Required work — With the exception of the pictures, write out the data below precisely.

═══ Dataset records

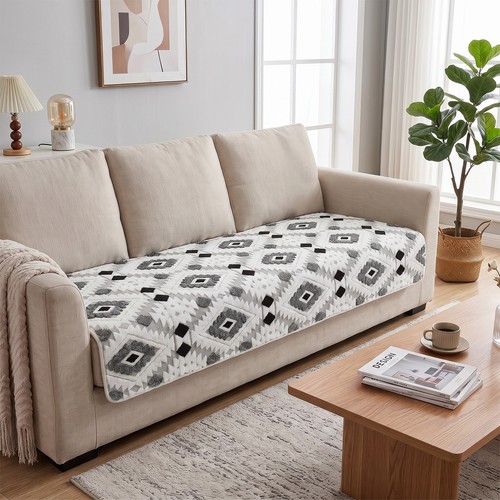 Seaters sofa slip - seaters,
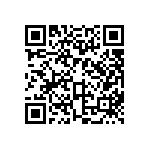 HDWM-07-57-L-S-250-SM QRCode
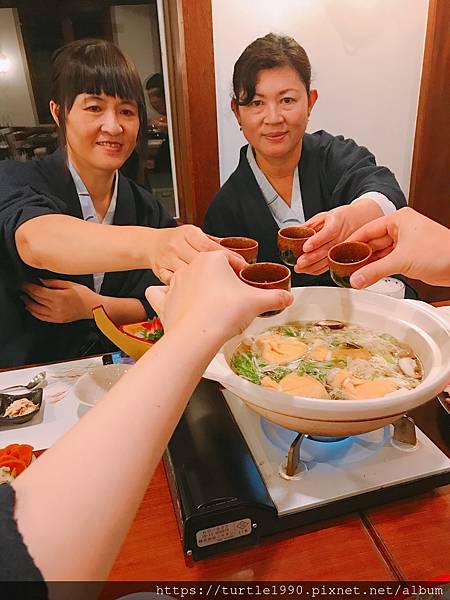 20181015_IMG_7891.JPG 20181015_IMG_7891.JPG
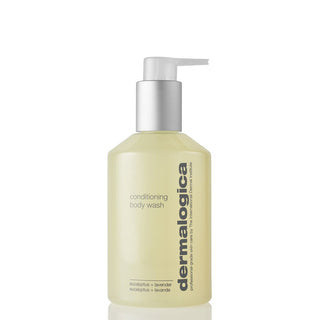 Dermalogica Conditioning Body Wash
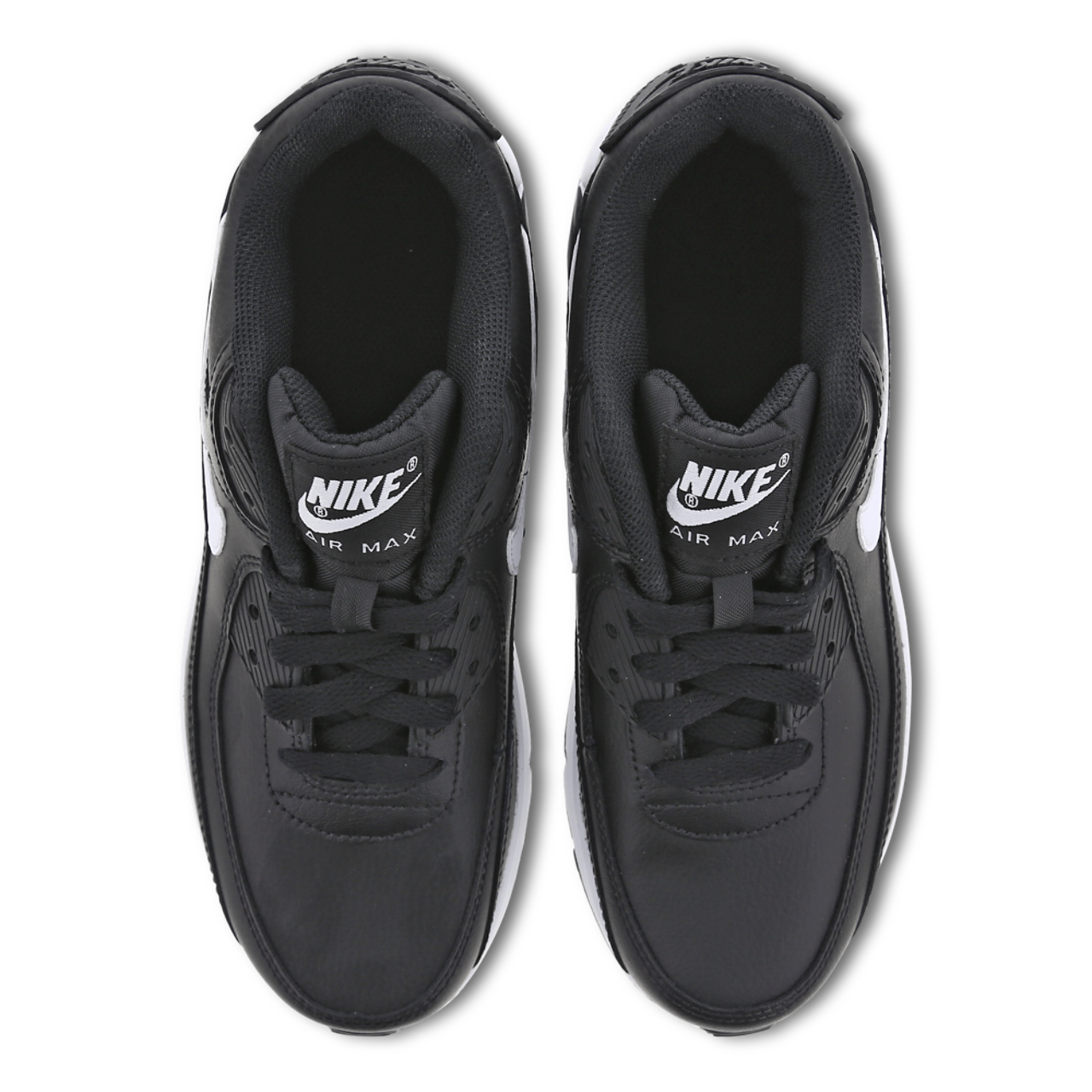 Nike Air Max 90 Image 5 of 8. Tap to open photo gallery.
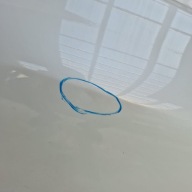 TOYOTA SUPRA V 19- door left front front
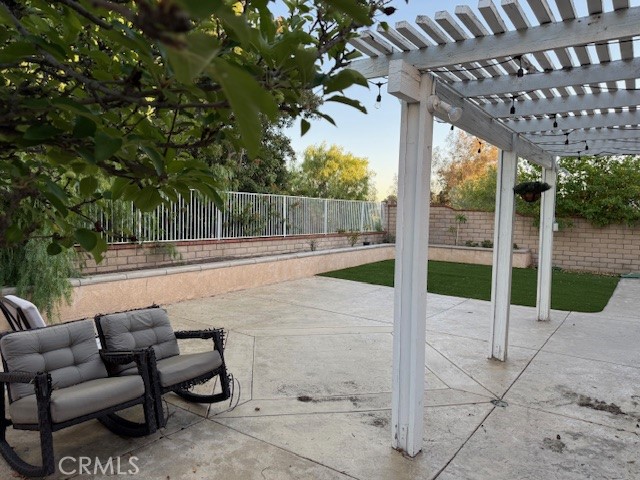 MLS #TR25265930 image #1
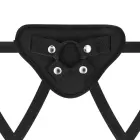 RockArmy kahekihiline Panzer strap-on dildo – 17 cm (6.7″) — Foto 10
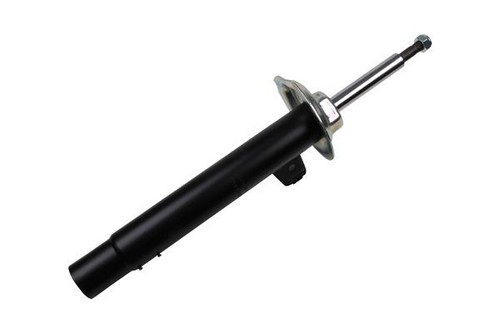 Front right shock - nk, absorber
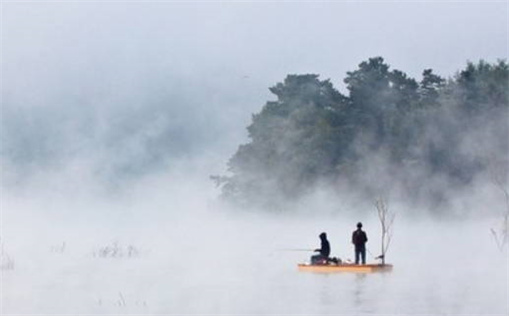2026年05月14日装修黄道吉日 今日装修动工好不好 2026年05月14日装修黄道吉日 今日装修动工好不好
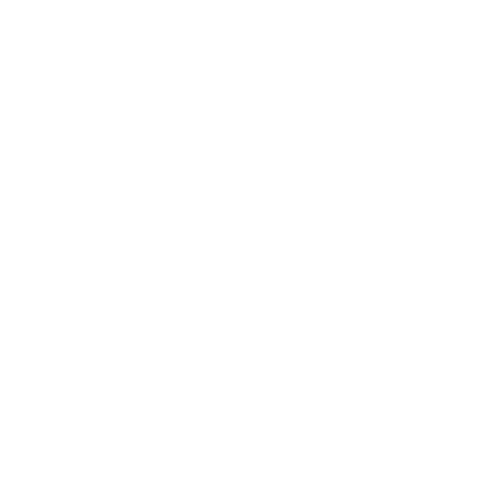 Apex Garage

══════

Exercise result —
 Seaters sofa slip - seaters,
 HDWM-07-57-L-S-250-SM QRCode
 20181015_IMG_7891.JPG 20181015_IMG_7891.JPG
 Dermalogica Conditioning Body Wash
 Nike Air Max 90 Image 5 of 8. Tap to open photo gallery.
 TOYOTA SUPRA V 19- door left front front
 MLS #TR25265930 image #1
 RockArmy kahekihiline Panzer strap-on dildo – 17 cm (6.7″) — Foto 10
 Front right shock - nk, absorber
2026年05月14日装修黄道吉日 今日装修动工好不好 2026年05月14日装修黄道吉日 今日装修动工好不好
 Apex Garage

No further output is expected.